If you purchased a home in Toronto in the past six years you were hit not once, but twice when it came to land transfer taxes.
Toronto’s realtors want the city’s next mayor to do something about that, and they’re applying the pressure in the final stretch of the mayoral race.
Now the rest of the country sometimes struggles to find much sympathy for the plight of Torontonians, but it is the only city where homeowners are hit twice when purchasing a home.
There’s the provincial land transfer tax, and then the Toronto tax (introduced in 2008) on top of it.
The Toronto land transfer tax put roughly $350 million into city coffers last year, but the Toronto Real Estate Board argues the costs are much higher.
Citing research done by Altus Group on behalf of the Ontario Real Estate Association, Toronto’s realtors say that between 2008 and 2013 the municipal land transfer tax is responsible for:
- A loss of $2.3 billion in economic activity
- A $1.2-billion reduction in GDP
- Almost 15,000 full-time jobs lost
- $772 million in lost wages and salaries
- And a little more than 38,000 resale home transactions that never happened because of the tax.

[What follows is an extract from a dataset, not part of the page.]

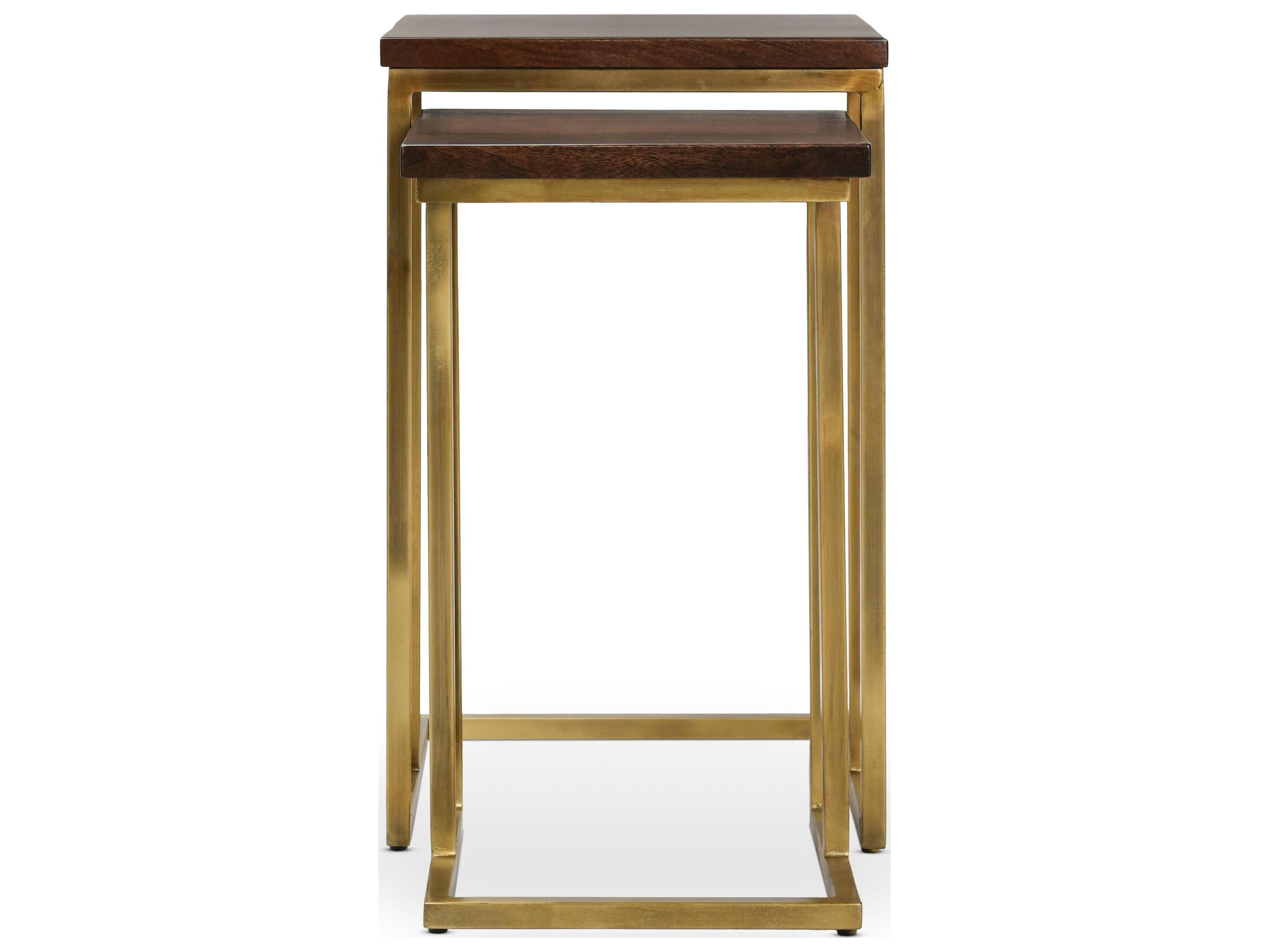 Classic Home Lindt Square Wood Top Hand Ed In Dark Brown End Table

The city’s real estate board says the tax costs a homebuyer some $8,000 on the average Toronto home, with the province taking a similar amount. It also applies to commercial properties.
Board president Paul Etherington call is an “important issue for many Torontonians, and we expect it will influence their voting decisions.”
So where do the three leading candidates stand?
Doug Ford is picking up where his brother, Mayor Rob Ford, left off. Rob Ford vowed to scrap Toronto’s land transfer tax, but it didn’t make any real progress on the issue during his time in office. City Council wasn’t onside on this one.
Doug Ford says he’ll bring in an immediate 15% reduction to the tax, with the intention of phasing it out.
Olivia Chow wants to raise the tax on transactions involving the city’s most expensive properties – think $2 million and above.
Perceived frontrunner John Tory hasn’t drawn a line in the sand on the land transfer tax, but is vowing to keep property taxes at our below inflation.
Ford’s opponents are questioning how the city will make up that 15% in the budget. It comes out to about $52 million less for the city’s coffers, and that would just be the first round.
What does the Toronto Real Estate Board think of the candidates’ positions?
It supports Ford’s stance, hopes Tory will “articulate” a plan for relief of the Toronto land transfer tax, and does not support Chow’s proposal (to say the least.
Apparently Ms. Chow was booed, loudly, when the three argued the issue in front of realtors this week).
For the record, I don’t live in Toronto anymore and have never paid the tax (it didn’t exist when I bought my Toronto condo in 2002). While I don’t have skin in this particular game, I’ll be fascinated to see if Torontonians make it a ballot box issue.